Date: Wed, 29 Jul 2009 12:05:58 -0400
Sender: mallman@icir.org
Message-Id: <20090729160559.122DF3884F5@lawyers.icir.org>
Cc: "tcpm@ietf.org" <tcpm@ietf.org>
Subject: Re: [tcpm] initial RTO (was Re: Tuning TCP parameters for the 21st century)
X-BeenThere: tcpm@ietf.org
X-Mailman-Version: 2.1.9
Precedence: list
Reply-To: mallman@icir.org
List-Id: TCP Maintenance and Minor Extensions Working Group <tcpm.ietf.org>
List-Unsubscribe: <https://www.ietf.org/mailman/listinfo/tcpm>, <mailto:tcpm-request@ietf.org?subject=unsubscribe>
List-Archive: <http://www.ietf.org/mail-archive/web/tcpm>
List-Post: <mailto:tcpm@ietf.org>
List-Help: <mailto:tcpm-request@ietf.org?subject=help>
List-Subscribe: <https://www.ietf.org/mailman/listinfo/tcpm>, <mailto:tcpm-request@ietf.org?subject=subscribe>
X-List-Received-Date: Wed, 29 Jul 2009 16:06:06 -0000

> I can think of a number of variations. The one-shot 1-sec-initRTO idea
> you described above also came through my mind but the drawback is you
> only get one-shot even though we know statistically > 98% of
> connections have RTT < 1 sec so most likely the continuous use of
> 1-sec-initRTO will turn out to be better. (A counter argument might be
> one-shot is "good enough", benefitting > 90% of the cases
> statistically...) The advantage of it is its simplicity, restricting
> the max # of spurious retransmissions caused by the reduced initRTO to
> 1, and obviously avoiding the RTO hell problem.
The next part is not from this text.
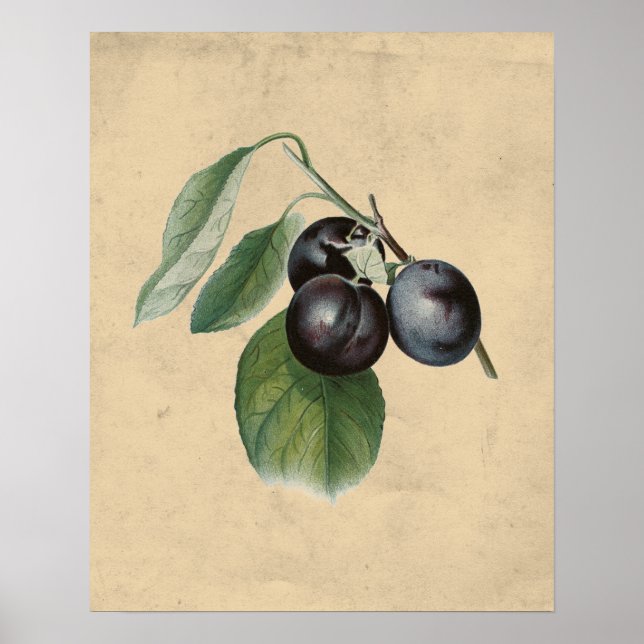 Poster Illustration des prunes vintages (Devant)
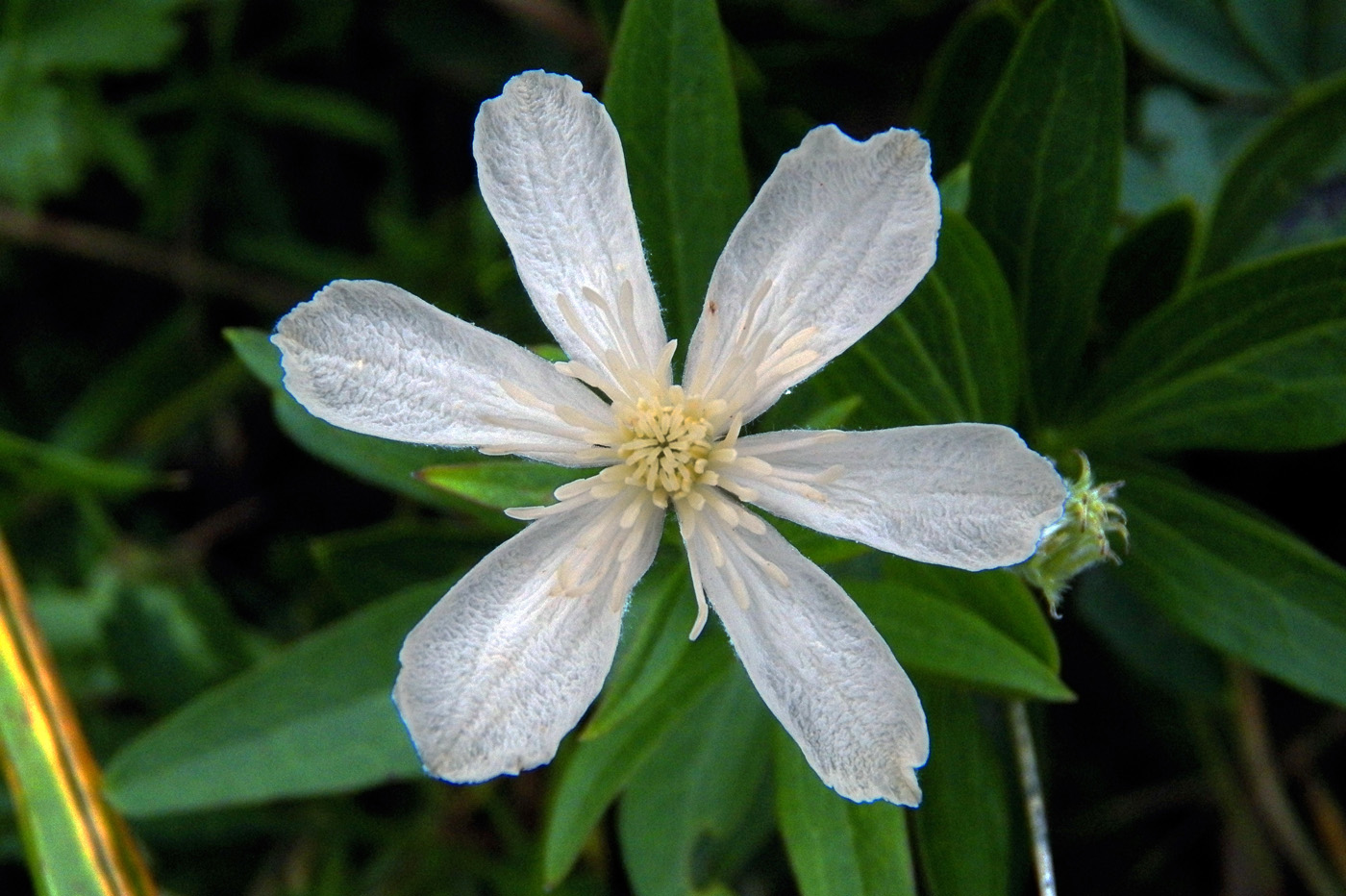 Image of Clematis hexapetala specimen.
Two responses to "one shot":

(1) Yes, one-shot ought to be enough.  Considering losing the SYN,
    retransmitting it using an initRTO of 1sec and reseting the initRTO
    to 3sec.  Now, if there is actually loss in the first RTT of data
    transmission talking about fine-grained performance (i.e., that we
    can get from using 1sec again instead of 3sec) doesn't make a lot of
    sense because 1sec vs. 3sec doesn't matter because performance is
    going to suck no matter what.  So, why bother with anything terribly
    "smart" here?

(2) Using the numbers on your slides it seems to me that the fraction of
    hosts with an RTT of > 1sec is roughly the same as the SYN
    retransmit rate (at an RTT of 3sec, I assume).  To me that says that
    if you use an initRTO of 1sec and then retransmit then the reason
    for that retransmit is just as likely to be loss as it is to be a
    long path.  So, your approach of preferring more than one-shot
    assumes loss.  But, I don't see the measurements you gave as
    suggesting that is the right approach.  The notion of going back to
    3sec just sort of punts.  I.e., the notion is that we have hit a
    situation whereby we don't know what is going on and so let's not
    dogmatically try to push forward, but let's throw up our hands and
    try to do things that ultimately will figure out what is going on.
    And, further, one mistake does not propagate.

So, for me one-shot is just about the right balance here.  Any more than
that we're getting into the corner of a corner case and further in that
corner the empirical evidence is not suggestive of a clear path.  So,
let's just do something that will allow the protocol to get a handle on
things as they are in the specific situation and not try to make guesses
that propagate further.

allman